We were able to get hands-on with a preview build of Cult of the Lamb to understand the full extent of this cutesy terror – a demo which featured more content than the recent Steam Next Fest demo – and what was revealed was a sight to behold. When you start a game with a brutal animal murder (the lamb’s), you have a certain level of horrible anticipation for the future. Cult of the Lamb builds on this excellently, with a creepy, gothic tale starring naive, adorable forest creatures and forces far beyond the imagination.
As the titular lamb, you are accused of being a vessel for an ancient spirit – The One Who Waits – and are put to death by the four Bishops of the Old Faith. While your body technically dies, The One Who Waits pulls strings to free you from the mortal plane, resurrecting you with unfathomable power. ‘Though you are already dead, I still have need of you,’ the ancient being claims.
To fulfil this debt and honour your new god, you are tasked with starting a cult in His name – and corralling innocent (and sometimes not-so-innocent) forest creatures to do your bidding.
To recruit creatures, you’re sent on quests through dungeon corridors, where beasts roam and the Bishops of the Old Faith have immense sway. Each creature is out to get you – and out to get other potential Followers. As you travel through dungeons, you’ll often come across innocent creatures ready to be sacrificed due to their alleged connection to The One Who Waits.
It’s guilty until proven innocent in these woods, and it’s up to you to save these creatures from a dire fate by, essentially, kidnapping them for your cult.
Once you have creatures roaming your own personal space in the woods – which can be decorated with unique items, buildings and structures – you can set them to work gathering materials, or worshipping at your altar. Each prayer from these creatures gives you strength, and allows you to level up – in combat, weapons, cult items, and dungeons.

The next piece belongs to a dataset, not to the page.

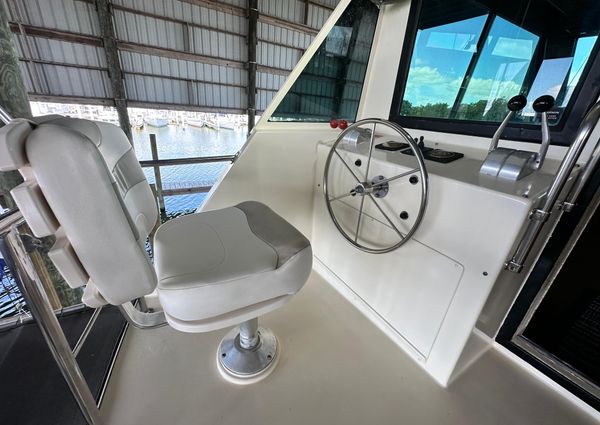 Hatteras Enclosed Bridge Sportfish image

The more prayer strength you build up, the more variety you’ll find as you travel these dungeons, and the stronger your cult will become.
While the primary gameplay loop involves travelling through forest dungeons to take on enemies placed by the Bishops of the Old Faith (and eventually taking down the Bishops themselves), cult management is also a major part of gameplay, with a balance between the two needed to keep your new religion thriving.
You’re responsible for looking after the lamb’s followers by keeping them fed, happy, and highly religious, with sermons and rituals helping to build up the necessary faith to keep everyone on board. Certain members of your cult will have objections to risqué moves, with some opposing the killing of cult members, and others having a natural lean towards skepticism. You’ll need to keep an eye on all of these motives as you choose the best path for your cult and forge a path into the future.
When you eventually journey beyond the protection of your loyal cult, you’ll end up in the mysterious woods, where each realm you travel through is controlled by a single Bishop. Procedurally-generated dungeon stages guide you through the darkness, with each presenting a choice of direction – and ultimately leading you to the heart of the forest, where a boss creature sent by the Bishops waits to claim your head.
You’ll need to take down these enemies by using effective dodging and slashing – and then claim them for your cult.
Completing multiple trips into the woods will eventually invite the wrath of each Bishop in turn, who have grand plans to send the lamb back to the afterlife. But with the cult egging you on and giving you strength, it isn’t long before you can vanquish these beasts and work on building out your cult’s capabilities at your own pace.
Every step you make in battle translates to cult management rewards, including new skills for followers, and new prayer-based abilities – making each move wildly rewarding.
The split focus of the game works wonders, with both combat and cult management working hand-in-hand. Defeating monsters gives you resources that can be delivered back to the cult. Fostering loyalty with your followers helps you grow your combat skills. Each system feeds into another, making the gameplay flow feel natural – and very addicting.
While the snippet of Cult of the Lamb we played only contained the first forays into the dungeon forest, and the first steps of cult management, everything on show was impressive. The game’s purple-and-red tinged locales are gorgeous, as is its adorable, cartoonish style. Each character is a wholesome but deadly gem, and the dialogue is ripe with spooky, skin-crawling charm.
The entire game boasts a cute and colourful aesthetic that is immediately eye-catching, but it’s the meat of gameplay and the creepy appeal that really get your heart racing. With gothic stylings and intriguing story hooks, it’s an adventure that indoctrinates new players fast. Really, it’s a modern cult classic in the making.